These days, the 33,000-ton, 490-passenger Seven Seas Navigator feels so elegant and contemporary that it's hard to imagine the all-suite vessel once was a Soviet research ship before it was purchased by Regent Seven Seas Cruises.

A major refurbishment in spring 2016 is to be thanked for keeping the ship in top form. Highlights of the revamp include a brand-new library, complete with faux fireplace, and Coffee Connection self-service drink and snack bar; and the completely redone Compass Rose, the ship's main dining venue, and La Veranda, the top-of-ship casual restaurant. The ship's 245 ocean-view suites, 90 percent of which have private balconies, were also transformed with new furnishings (including Regent's Elite Collection mattresses and bed linens) and artwork. (A few changes that aren't popular with everyone are the removal of the Connoisseur Club smoking lounge and casino bar, and the addition of some snug wing-backed chairs that leave little space for your shoulders.)

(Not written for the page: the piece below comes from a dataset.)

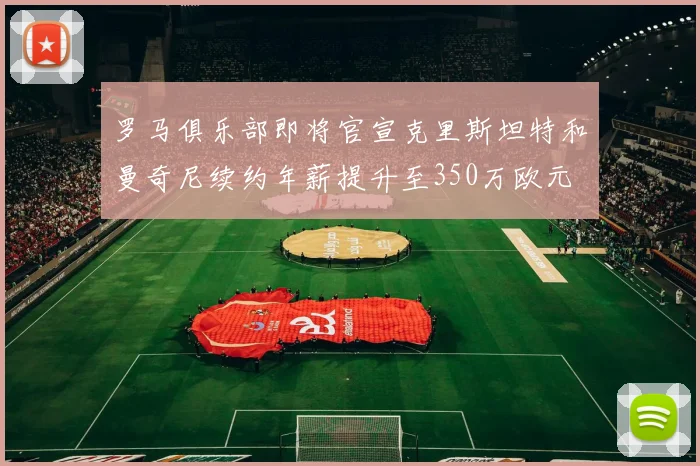 罗马俱乐部即将官宣克里斯坦特和曼奇尼续约年薪提升至350万欧元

But looks will only get you so far. What stands out about Seven Seas Navigator is its size. The intimate ship -- the smallest in Regent's fleet -- makes an ideal home base for destination-intensive exploration, with just enough variety in dining and entertainment to keep your interest, without getting in the way of the ports you came to see. Everything onboard feels close at hand. Intimacy breeds familiarity, and you'll quickly make new friends onboard who you'll run into day after day. The size also lets the staff raise the bar on service levels, whether it's promptly refilling your wineglass or delivering scones to your suite when you miss them at afternoon tea. (However, service isn't quite as blow-your-mind amazing as you might find on other luxury ships.)

Navigator might be small, but it's also incredibly spacious. Its smallest suites start at 301 square feet, large enough for uncrowded sleeping and sitting areas, walk-in closets and large bathrooms with separate bathtub and shower. The largest measure more than 1,000 square feet with enormous wraparound verandas. The ship also has a generous space-per-passenger ratio (67.3 feet of public space per passenger), so you'll rarely see crowds or queues.

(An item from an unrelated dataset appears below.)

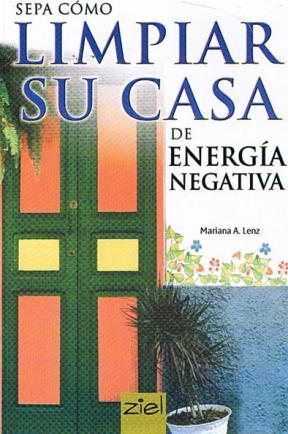 Papel Sepa Como Limpiar Su Casa De Energia Negativa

The size does have some drawbacks. The ship doesn't have as many dining venues as its fleetmates, and we could see how some people might feel restricted by the limited public areas on a long cruise with many sea days (like a world cruise). The ship also experiences significant motion, with some Cruise Critic readers on the Regent Seven Seas message boards reporting above-average vibration in the aft suites.

Regent's Seven Seas Navigator aims for quiet luxury. Its public spaces aren't trying to out-Vegas Vegas or wow you with over-the-top design or expense. Its suites aim to accommodate your needs without being statement pieces. You will be pampered; fine dining, included drinks and tours, and devoted crew members will see to that. But the ship plays second to the destinations it visits -- and like its staff, it does all it can to make your trip an amazing one without calling undue attention to itself.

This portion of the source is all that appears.